• [Exercise aim]:
Exact copies of the lines below, from the one with "Batman comic collection" up to and including the one with "Schwarzes T-Shirt beim", are what this calls for; leave out pictures.

• [Supplied entries]:

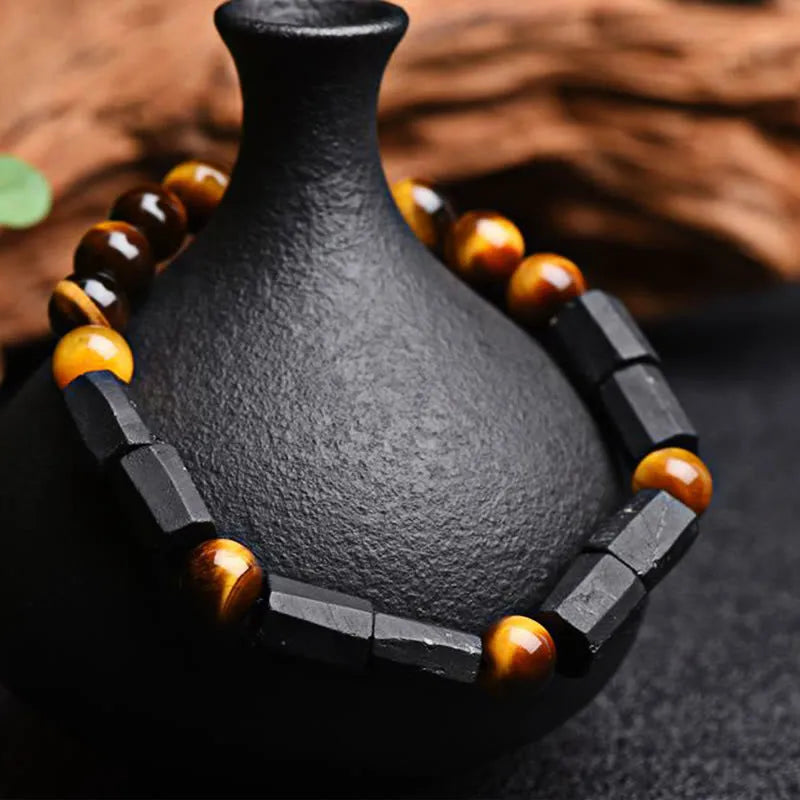 Natural obsidian single ring bracelet with constellation modelling on a wrist.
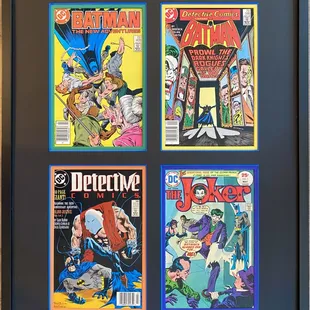 Batman comic collection with multi-colored inner mats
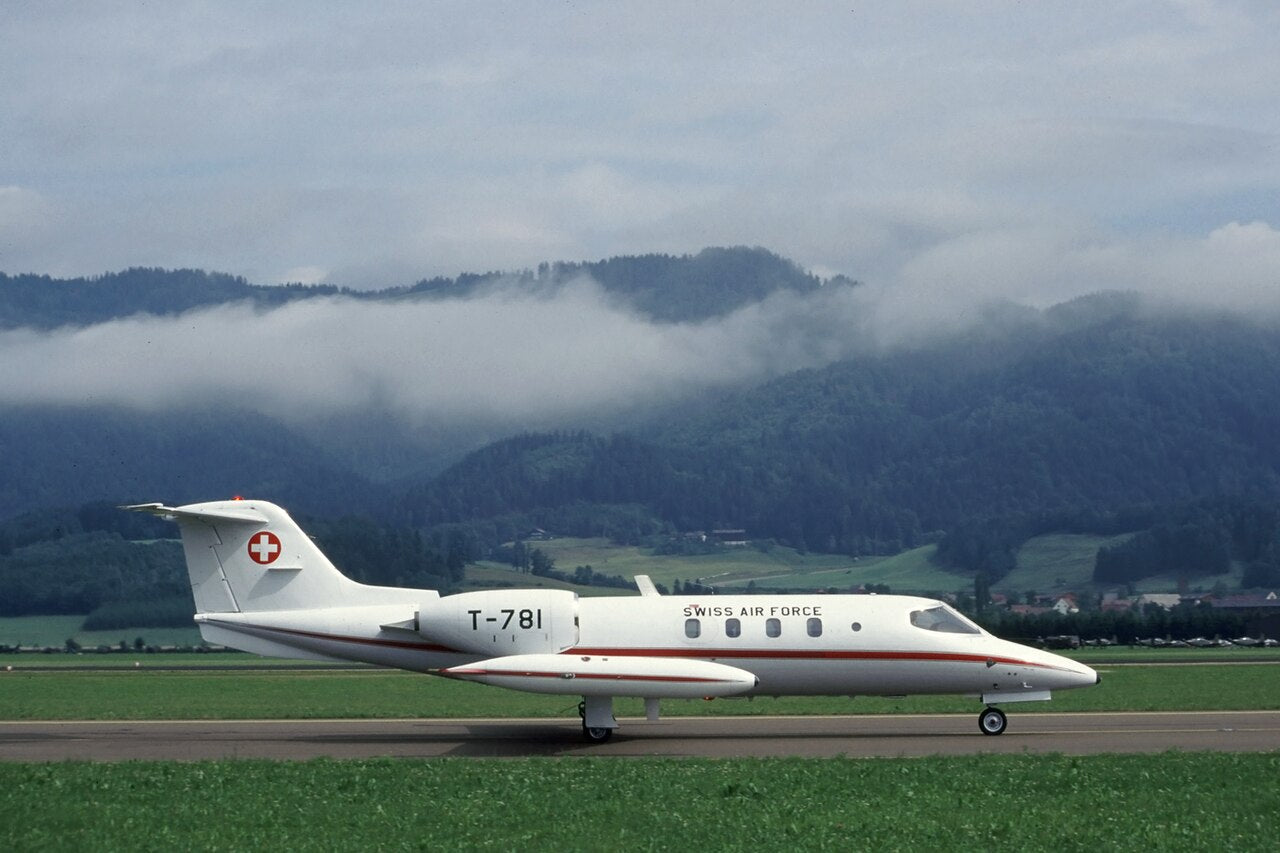 Side view of white Learjet 35A T-781, with wingtip tanks and rear-mounted engines, on the ground at Zeltweg.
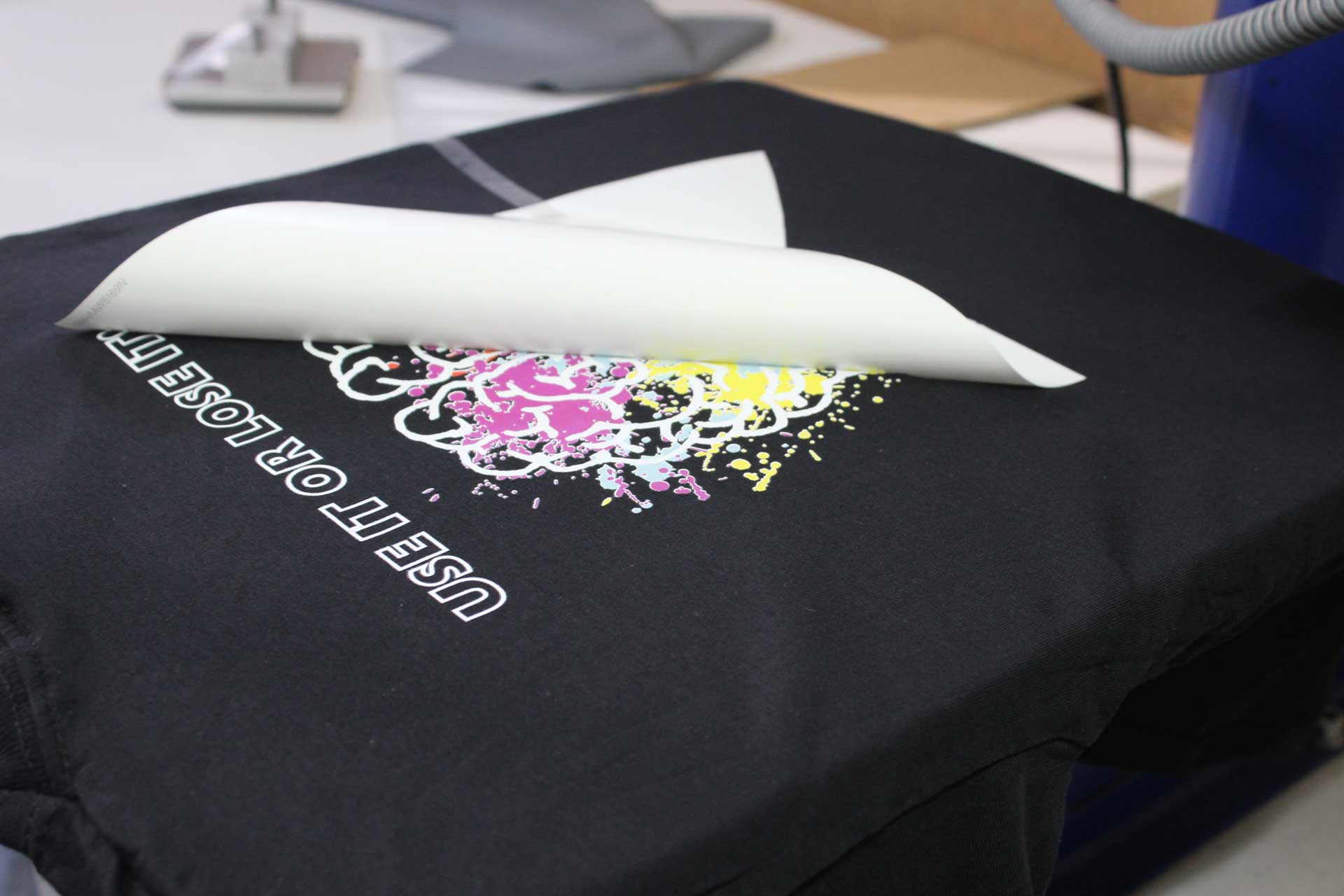 Schwarzes T-Shirt beim Textildruck mit abgezogener Transferfolie und farbigem Printmotiv
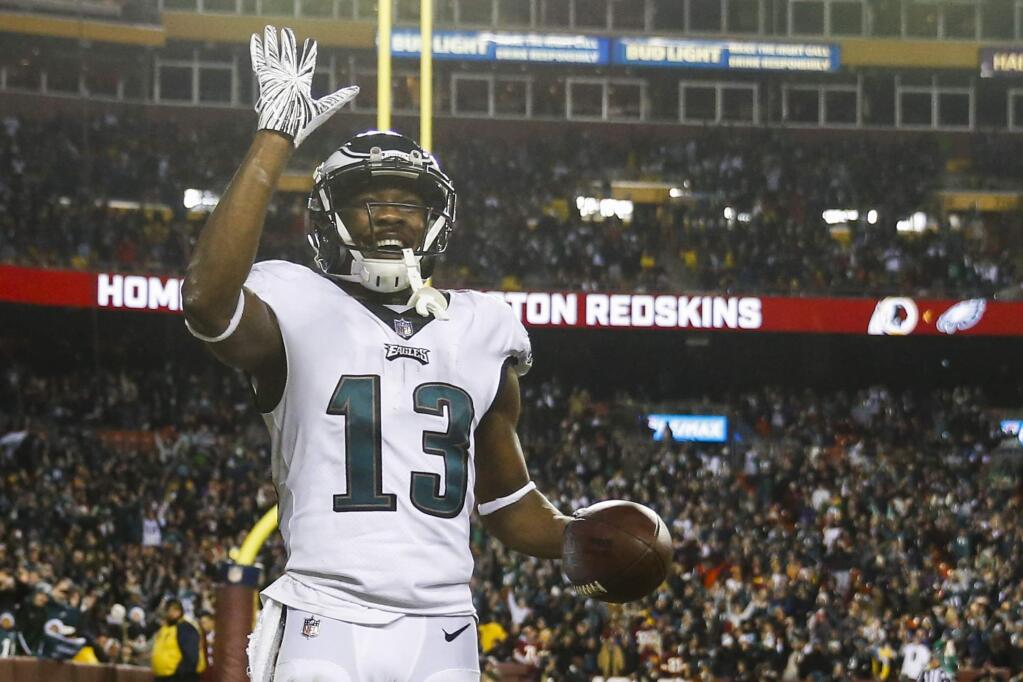 Philadelphia Eagles wide receiver Nelson Agholor (13) waves to the crowd after his touchdown during the second half of the NFL football game against the Washington Redskins, Sunday, Dec. 30, 2018 in Landover, Md. (AP Photo/Andrew Harnik)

• [Finished exercise]:
 Batman comic collection with multi-colored inner mats
 Side view of white Learjet 35A T-781, with wingtip tanks and rear-mounted engines, on the ground at Zeltweg.
 Schwarzes T-Shirt beim Textildruck mit abgezogener Transferfolie und farbigem Printmotiv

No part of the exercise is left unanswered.